As stated earlier, there are a few other works addressing the problem of distributed expander construction; however all of these are randomized and the expansion properties hold with probabilistic guarantees only. Table 1 compares our algorithm with some known distributed expander construction algorithms. Law and Siu [18] give a construction where an expander is constructed by composing a small number of random Hamiltonian cycles. The probabilistic guarantees provided degrade rapidly, especially under adversarial deletions. Gkantsidis et al. [10] builds on the algorithm of [18] and makes use of random walks to add new peers with only constant overhead. However, it is not a fully decentralized algorithm. Both these algorithms handle insertions much better than deletions. Spanders [8] is a self-stabilizing construction of an expander network that is a spanner of the graph. Cooper et al. [6] shows a way of constructing random regular graphs (which are good expanders, w.h.p.) by performing a series of random ‘flip’ operations on the graph’s edges. Reiter et al. [26] maintains an almost *d*-regular graph, i.e., with degrees varying around *d*, using uniform sampling to select, for each node, a set of expander-neighbors. The protocol of [23] gives a distributed algorithm for maintaining a sparse random graph under a stochastic model of insertions and deletions. Melamed and Keidar [20] gives a dynamic overlay construction that is empirically shown to resemble a random k-regular graph and hence is a good expander. Gurevich and Keidar [11] gives a gossip-based membership protocol for maintaining an overlay in a dynamic network that under certain circumstances provides an expander.

In a model similar to ours, [17] maintains a distributed hash table (DHT) in the setting where an adaptive adversary can add/remove \(O(\log n)\) peers per step. Another paper which considers node joins/leaves is [15] which constructs a SKIP+ graph within \(O(\log ^2 n)\) rounds starting from any graph whp. Then, they also show that after an insert/delete operation the system recovers within \(O(\log n)\) steps (like ours, which also needs \(O(\log n)\) steps whp) and with \(O(\log ^4 n)\) messages (while ours takes \(O(\log n)\) messages whp). SKIP+ assumes the \(\mathcal {LOCAL}\) model [25] and thus requires large-sized messages, unlike DEX, that works in the CONGEST model (small, i.e., logarithmic-sized, messages). However, the SKIP+ graph has an advantage that it is *self-stabilizing*, i.e., can recover from any initial state (as long as it is weakly connected). Jacob et al. [15] assume (as do we) that the adversary rests while the network converges to a SKIP+ graph. It was shown in [2] that skip graphs contain expanders as subgraphs w.h.p., which can be used as a randomized expander construction. Skip graphs (and its variant \(\hbox {SKIP}+\) [15]) are probabilistic structures (i.e., their expansion holds only with high probability) and furtherm ore, they are not of constant degree, their degree grows logarithmic in the network size. The work of [22] has guaranteed expansion (like ours). However, as pointed out in [2], its main drawback (unlike ours) is that their algorithm has a rather large overhead in maintaining the network.

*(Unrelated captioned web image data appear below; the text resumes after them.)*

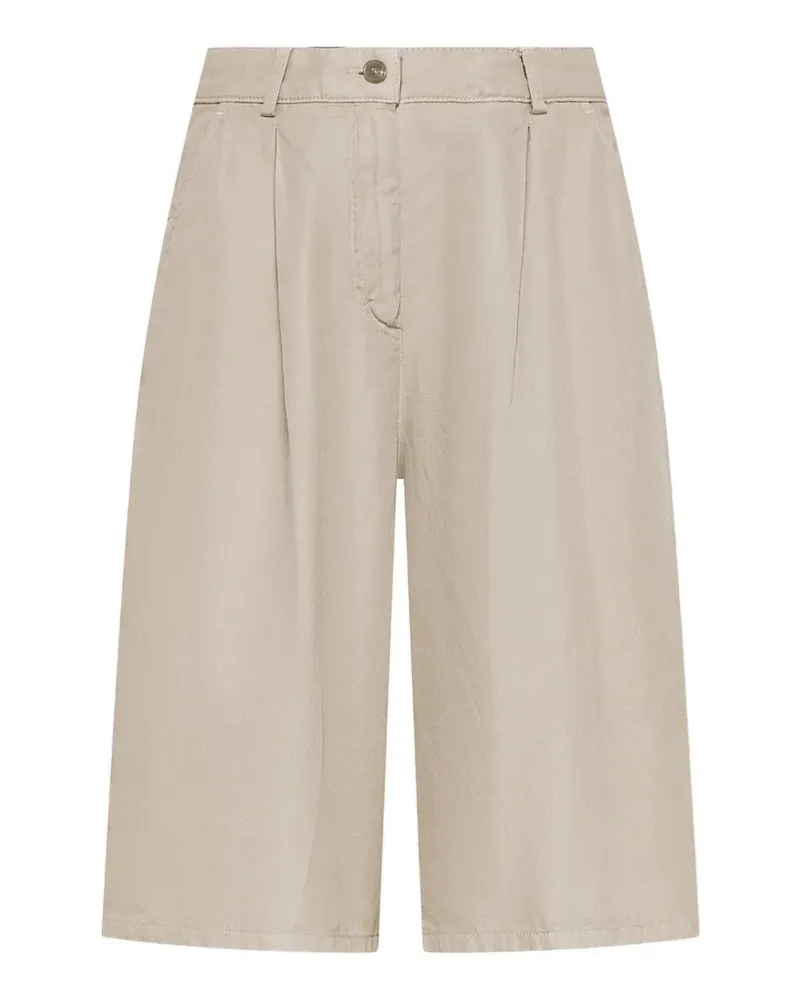 Seventy Shorts mit Gürtelschlaufen - Nude Nude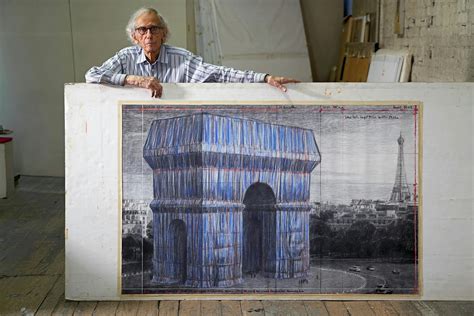 Christo And Jeanne Claudes Larc De Triomphe Wrapped To Open In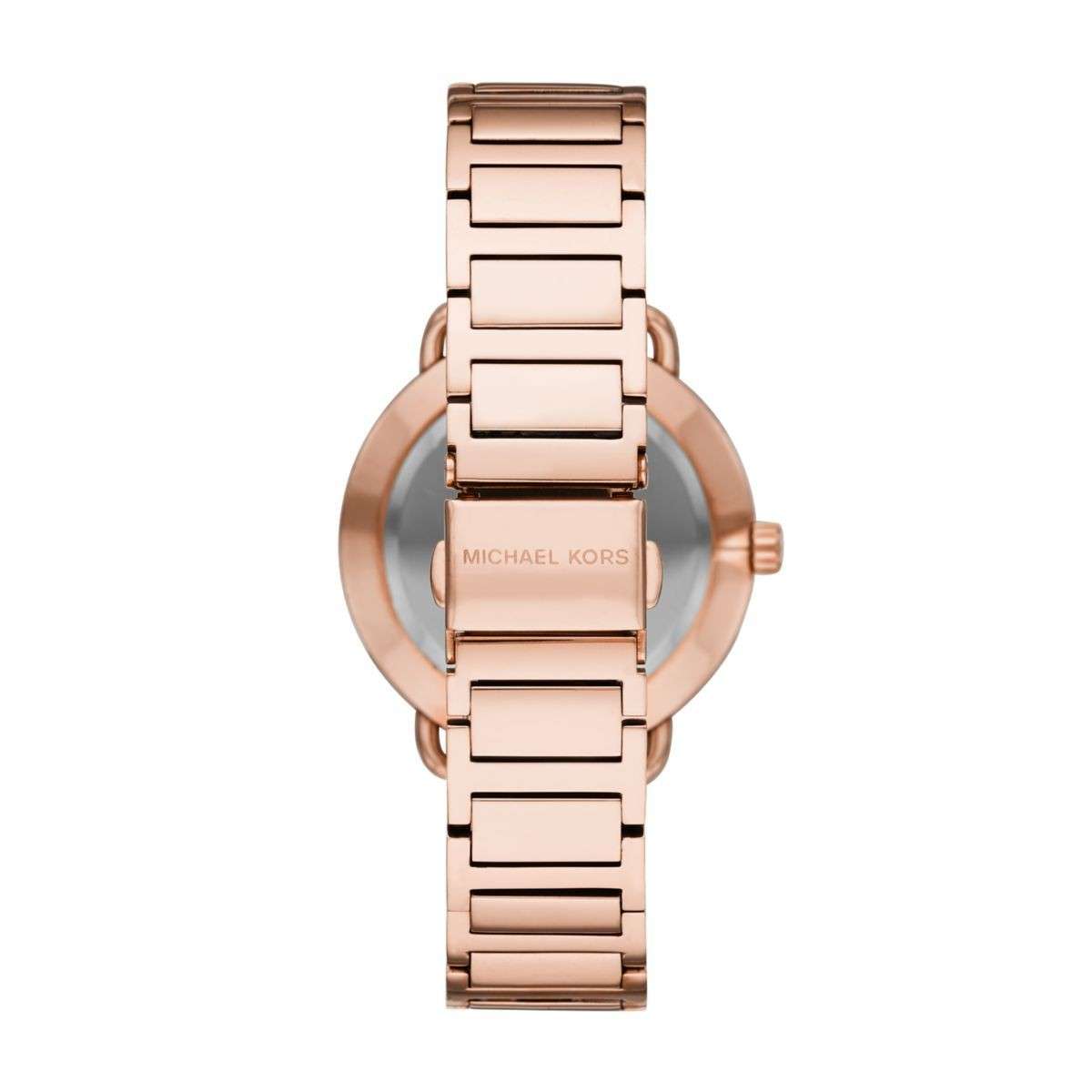 Michael Kors Women's Portia Rose Gold Round Stainless Steel Watch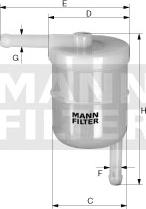 Mann-Filter WK 42/11 - Топливный фильтр autosila-amz.com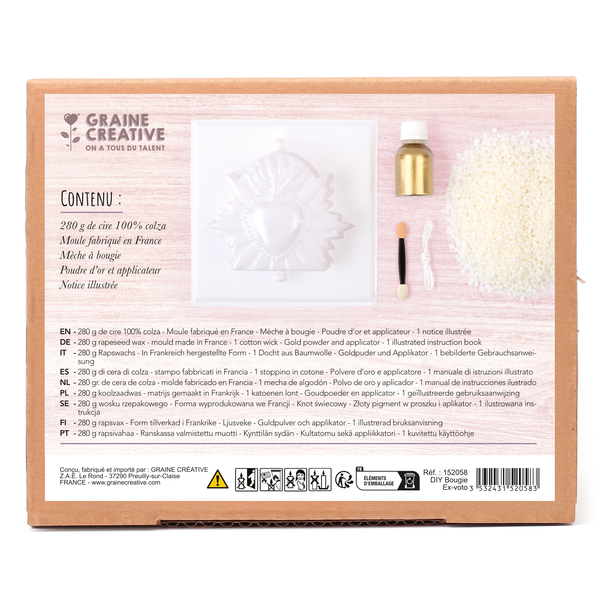Kit créatif DIY – Bougie Ex-Voto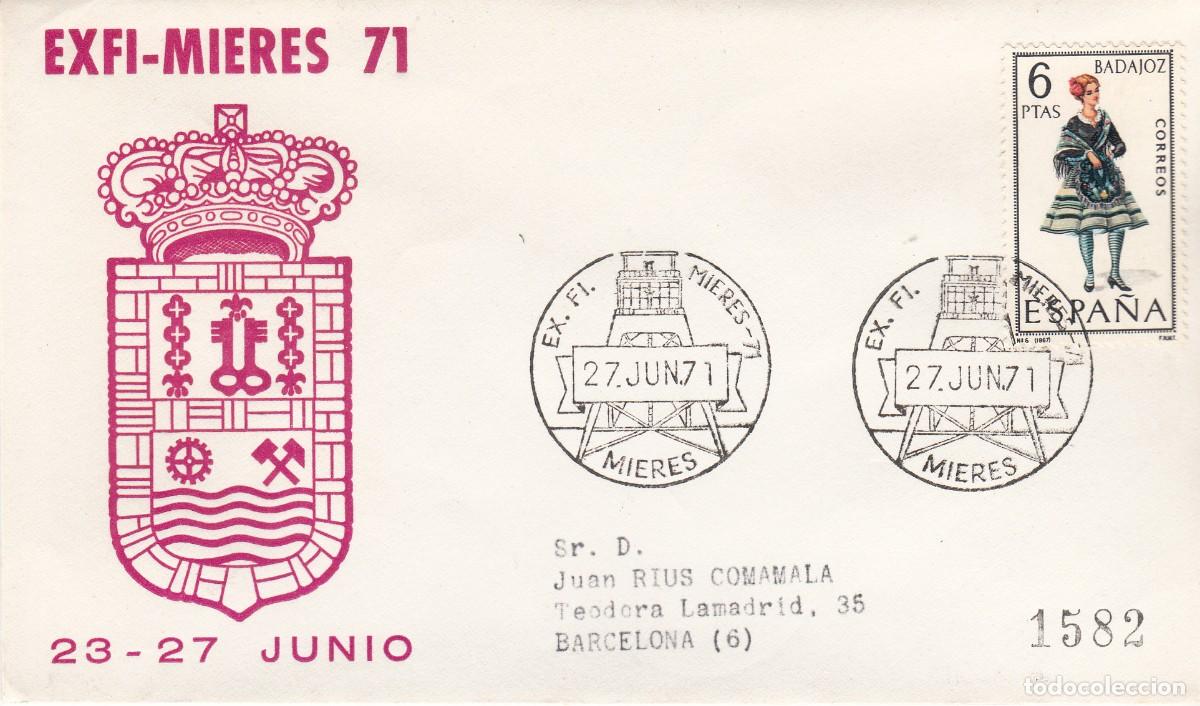 Sellos: MATASELLOS -EXFI-MIERES 71 - EXPOSICI&Oacute;N FILAT&Eacute;LICA MIERES - 1971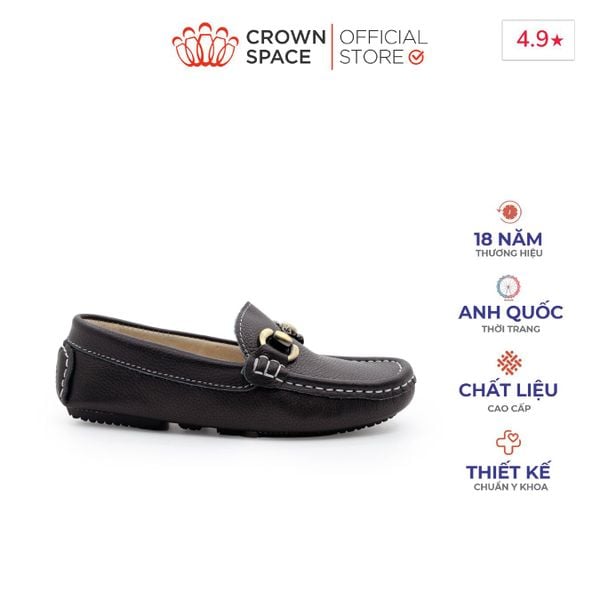  Giày Lười Bé Trai Lịch Lãm, Phong Cách Anh Quốc, Tiện Lợi | Crown Space CRUK452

A variety of self-healing algorithms deal with maintaining topological invariants on arbitrary graphs [12, 13, 24, 27, 29]. The self-healing algorithm *Xheal* of [24] maintains spectral properties of the network (while allowing only a small increase in stretch and degree), but it relied on a randomized expander construction and hence the spectral properties degraded rapidly. Using our algorithm as a subroutine, *Xheal* can be efficiently implemented with guaranteed spectral properties.

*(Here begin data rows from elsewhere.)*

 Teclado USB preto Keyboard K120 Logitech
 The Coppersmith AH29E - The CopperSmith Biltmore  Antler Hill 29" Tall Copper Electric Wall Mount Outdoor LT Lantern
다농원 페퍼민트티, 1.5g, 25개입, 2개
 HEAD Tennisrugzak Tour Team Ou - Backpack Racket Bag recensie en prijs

## 2 The self-healing model

The model we are using is similar to the models used in [12, 24]. We now describe the details. Let \(G = G_0\) be a small arbitrary graph\(^{3}\) where nodes represent processors in a distributed network and edges represent the links between them. Each *step* \(t\geqslant 1\) is triggered by a deletion or insertion of a single^{4} node from \(G_{t-1}\) by the adversary, yielding an *intermediate network graph* \(U_t\). The neighbors of the (inserted or deleted) node in the network \(U_{t}\) react to this change by adding or removing edges in \(U_t\), yielding \(G_{t}\)—this is called *recovery or repair*. The distributed computation during recovery is structured into synchronous rounds. We assume that the adversary rests until the recovery is complete, and subsequently triggers the next step by inserting/deleting a node. During recovery, nodes can communicate with their neighbors (i.e., along the edges) by sending messages of size \(O(\log n)\), which are neither lost nor corrupted. We assume that local computation (within a node) is free, which is a standard assumption in distributed computing (e.g., [25]). Our focus is only on the cost of communication (time and messages).

Initially, a newly inserted node *v* only knows its unique id (chosen by the adversary) and does not have any a priori knowledge of its neighbors or the current network topology. In particular, this means that a node *u* can only add an edge to a node *w* if it knows the id of *w*. If node *u* knowing the id of *w* desires to make an edge with *w*, it requests the underlying system which establishes a connection i.e., an edge between *u* and *w*.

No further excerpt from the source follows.